The ACLU filed a lawsuit in November 2009 on behalf of Amir Meshal against four FBI agents for their direct, personal role in his unlawful detention, torture, and rendition from Kenya to Somalia and Ethiopia over a period of more than four months.
Amir Meshal, a U.S. citizen of Tinton Falls, N.J., was studying Islam in Mogadishu, Somalia, in December 2006 when hostilities broke out. With the airport disabled by bombing, Mr. Meshal fled to neighboring Kenya by boat, where he wandered in the forest for around three weeks seeking shelter and assistance before being arrested by a joint U.S.-Kenyan-Ethiopian task force.

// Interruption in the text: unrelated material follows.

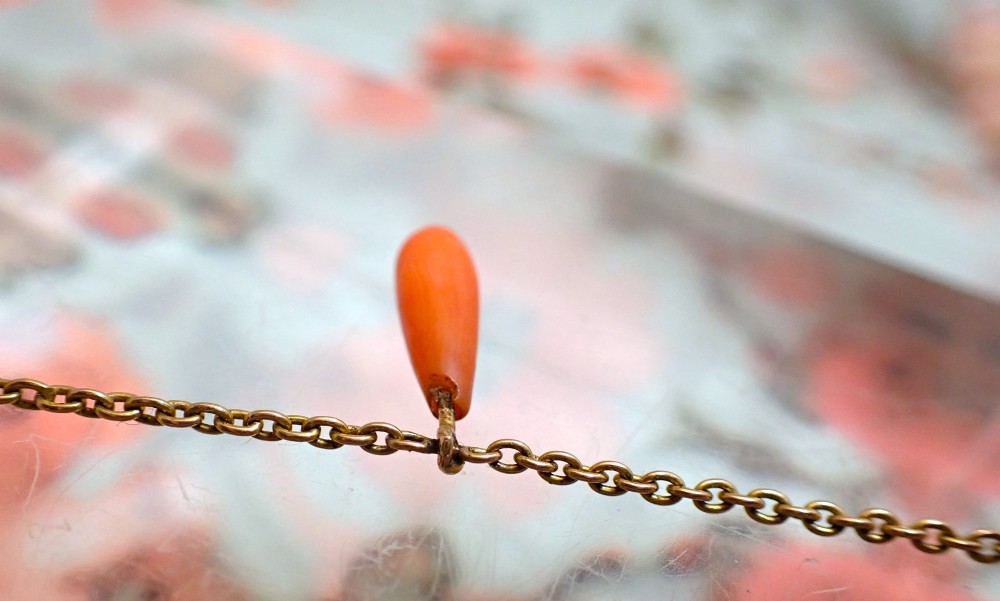 A slender gold link chain necklace featuring five suspended teardrop-shaped red coral drops and a bolt ring clasp. View IV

Following his arrest and detention in Kenya without access to an attorney or any process to contest his detention, Mr. Meshal was illegally rendered to Somalia and then to Ethiopia where he was imprisoned in secret for an additional three and a half months. Mr. Meshal was detained for over a total of four months and interrogated over 30 times in three different countries by U.S. officials who threatened to harm him, denied him access to counsel and due process, and falsely accused him of receiving training from al-Qaeda, which Mr. Meshal consistently denied.
Mr. Meshal was finally returned home from Ethiopia on May 27, 2007, and was never charged with a crime.

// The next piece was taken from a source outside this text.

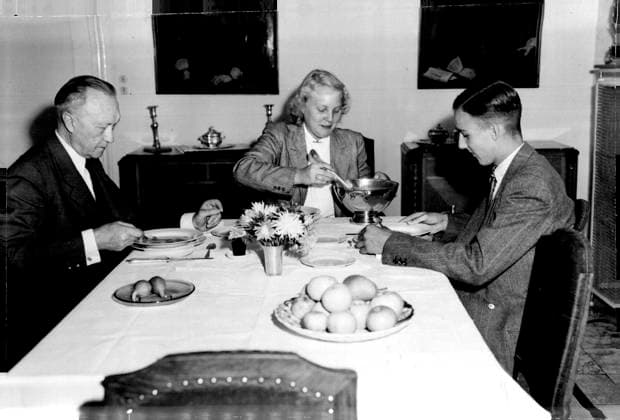 Pretty blonde Elisabeth Adenauer, who has run the house since her mother died two years ago, helps herself to some soup. Konrad Adenauer (left) and his son Georg continue with their meal. September 01, 1949.  Copyright: xCopyrightxUnknownx 5513-35479951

On June 13, 2014, the district court found that Mr. Meshal had plausibly alleged violations of his Fourth and Fifth Amendment rights, and described his treatment at the hands of U.S. officials as "appalling" and "embarrassing." The court stated that "[t]o deny [Mr. Meshal] a judicial remedy . . . raises serious concerns about the separation of powers, the role of the judiciary, and whether our courts have the power to protect our own citizens from constitutional violations by our government when those violations occur abroad."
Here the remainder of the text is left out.